The processing unit 902 is further configured to perform model training based on the plurality of pieces of real data and the plurality of pieces of second simulation data to obtain the first AI model.

Optionally, the plurality of pieces of second simulation data are closer to the data describing the real environment than the plurality of pieces of first simulation data.

Optionally, for a detailed implementation process in which the obtaining unit 901 obtains the plurality of pieces of real data and the plurality of pieces of first simulation data, refer to the related content in steps 301 and 302 of the method 300 shown in FIG. 3 and steps 801 and 802 of the method 800 shown in FIG. 8. Details are not described herein again.

Optionally, for a detailed implementation process in which the processing unit 902 adjusts the plurality of pieces of first simulation data to obtain the plurality of pieces of second simulation data, refer to the related content in step 304 of the method 300 shown in FIG. 3 and step 803 of the method 800 shown in FIG. 8. Details are not described herein again.

Optionally, for a detailed implementation process in which the processing unit 902 performs model training based on the plurality of pieces of real data and the plurality of pieces of second simulation data to obtain the first AI model, refer to the related content in step 305 of the method 300 shown in FIG. 3 and step 804 of the method 800 shown in FIG. 8. Details are not described herein again.

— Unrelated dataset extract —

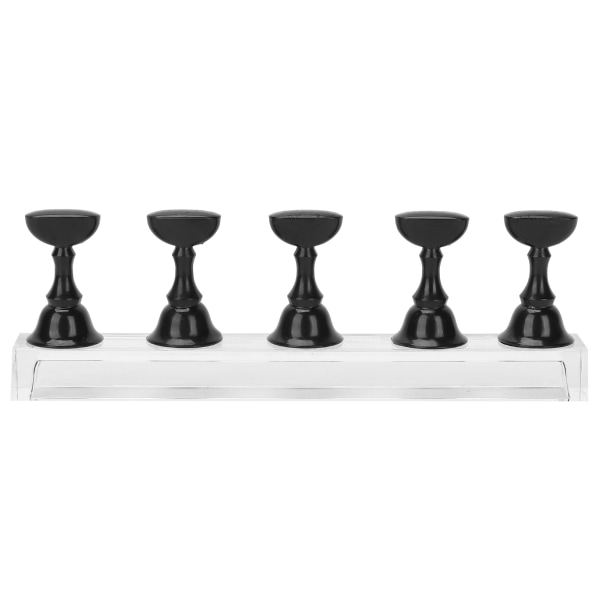 Neglekunst Display Øvelsesstativ Magnetisk Negle Fingernegl Tip Holder Manicure Sæt Værktøj Sort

Optionally, the plurality of pieces of real data include at least one piece of first data and at least one piece of second data; and the processing unit 902 is configured to:

- adjust the plurality of pieces of first simulation data based on the at least one piece of second data to obtain the plurality of pieces of second simulation data;
- perform model training based on the at least one piece of first data and the plurality of pieces of first simulation data to obtain a second AI model; and
- adjust the second AI model based on the at least one piece of second data and the plurality of pieces of second simulation data to obtain the first AI model.

Optionally, for a detailed implementation process in which the processing unit 902 adjusts the plurality of pieces of first simulation data based on the at least one piece of second data to obtain the plurality of pieces of second simulation data, refer to the related content in step 304 of the method 300 shown in FIG. 3. Details are not described herein again.

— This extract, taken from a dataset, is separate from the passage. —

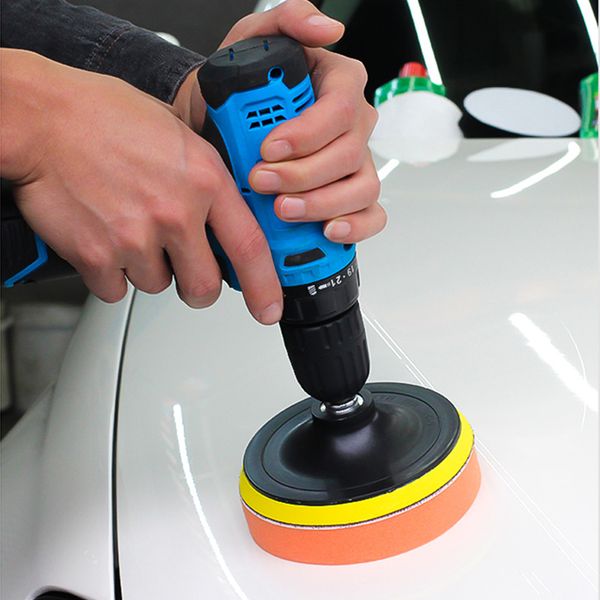 Car Polishing Sponge Pads Kit Buffing Waxing Foam Pad Buffer Set Polisher Machine Wax Pad for Removes Scratches Drill Attachment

Optionally, for a detailed implementation process in which the processing unit 902 performs model training based on the at least one piece of first data and the plurality of pieces of first simulation data to obtain the second AI model, refer to the related content in step 303 of the method 300 shown in FIG. 3. Details are not described herein again.

Optionally, for a detailed implementation process in which the processing unit 902 adjusts the second AI model based on the at least one piece of second data and the plurality of pieces of second simulation data to obtain the first AI model, refer to the related content in step 305 of the method 300 shown in FIG. 3. Details are not described herein again.

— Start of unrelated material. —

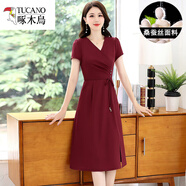啄木鳥(niǎo)（TUCANO）品牌真絲連衣裙女夏季2025新款高端純色中年氣質(zhì)桑蠶絲薄裙子 酒紅色真絲面料 XL適合110-119斤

Optionally, the obtaining unit 901 is configured to:

- create the simulation environment based on the at least one piece of first data; and
- generate the plurality of pieces of first simulation data based on the simulation environment.

Optionally, for a detailed implementation process in which the obtaining unit 901 creates the simulation environment based on the at least one piece of first data, refer to the related content in step 3021 of the method 300 shown in FIG. 3. Details are not described herein again.

Optionally, for a detailed implementation process in which the obtaining unit 901 generates the plurality of pieces of first simulation data based on the simulation environment, refer to the related content in step 3022 of the method 300 shown in FIG. 3. Details are not described herein again.